The National Institute of Economic and Social Research commented: "Today's plans are a credible attempt to eliminate the structural budget deficit. They also begin to address longer-term public finance issues. Nevertheless in the longer term the budget needs to be tightened further if the economy is to be suitably prepared for another economic crisis like that of the last two years and is also to make adequate provision for an ageing population."
The Economy: Osborne crosses fingers that his destiny is in his own hands
The Chancellor may be correct in stating that the independent Office for Budget Responsibility agrees he is "on track" to bring the public finances back into balance by 2016. But the OBR is also clear that George Osborne's programme will mean lower growth, higher unemployment and lower living standards than would have been the case under Alistair Darling's plans.
The changes are not dramatic from the last time the OBR reviewed the economy. The growth forecast has been trimmed to 1.2 per cent from 1.3 per cent, while the 2011 projection has been cut to 2.3 per cent from 2.6 per cent. The 2012 figure is unchanged at 2.8 per cent while the 2013 and 2014 projections are edged up to 2.9 per cent (from 2.8 per cent) and 2.7 per cent (from 2.6 per cent). What will this mean in real, human terms?
Unemployment will be about 30,000 higher this year as a result of cuts to public spending, as some forecasters predicted. The OBR says it will peak at 8.1 per cent, but fall to 6.5 per cent by 2014 – around 100,000 more jobless than might have been expected under Labour's policies, though the coalition claims continued higher borrowing would have triggered a Greek-style crisis.

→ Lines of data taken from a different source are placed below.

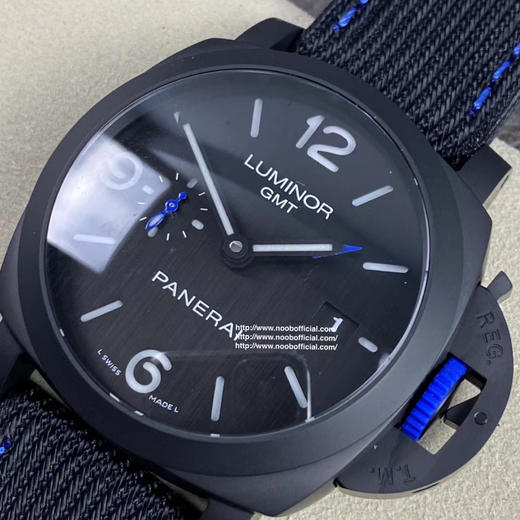 新品Pam1176实拍！
1 .“黑化的Pam441”，全陶瓷表壳，防划痕，不褪色，不会旧；2.让人惊艳的蓝色橡胶表冠，独特的视觉冲击，悦己悦人 商品图4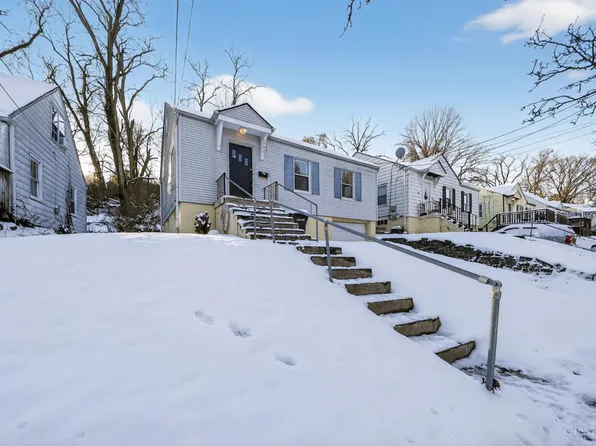 1782 Ashbrook Dr, Cincinnati, OH 45238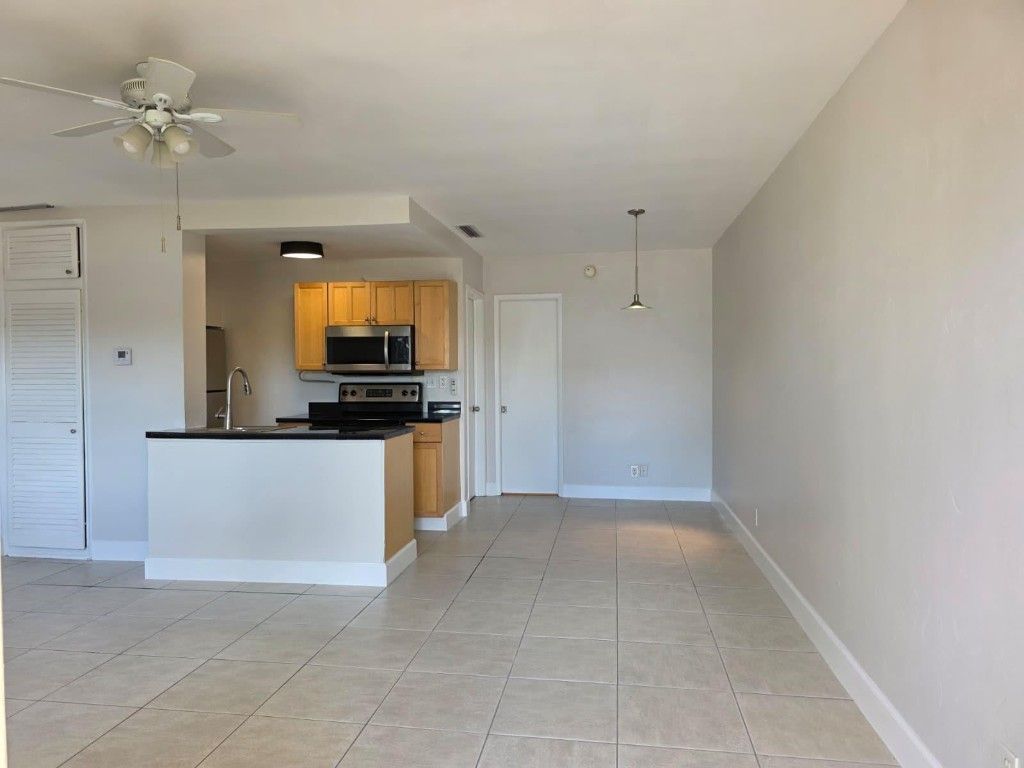 815 Middle River Drive, Unit 117, Fort Lauderdale, FL 33304 Photo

Yet some economists warn that unemployment could go much higher. James Knightley of ING commented: "Unemployment is likely to remain high. The Chartered Institute of Personal Development is warning of up to 725,000 public sector job losses resulting from fiscal austerity.
"During the last period of significant fiscal austerity in the 1990s more jobs were lost, but these were absorbed by a vibrant private sector. This time the prospect of three million unemployed is still a risk, which has the potential to feed back and further depress activity."
Most miserably of all for a nation grown used to substantial increases in its living standards, the OBR say that household consumption will rise by a minimal 0.2 per cent this year and 1.3 per cent next: then again, raising a tax on consumption, such as VAT, is supposed to be part of the "rebalancing" of the economy towards exports and investment, both of which are set to bounce back. Much depends now on inflationary expectations and pay rises. The latest surveys from the Bank of England suggest that inflationary expectations are starting to become "de-anchored" from the official two per cent target, which will worry the Bank, especially with a rise in Vat pending. In his Mansion House speech, Governor Mervyn King said: "If prospects for growth were to weaken, the outlook for inflation would probably be lower and monetary policy could then respond."
Mr Osborne will be hoping Mr King keeps his word and that events in the eurozone and the banking world don't upset their plans.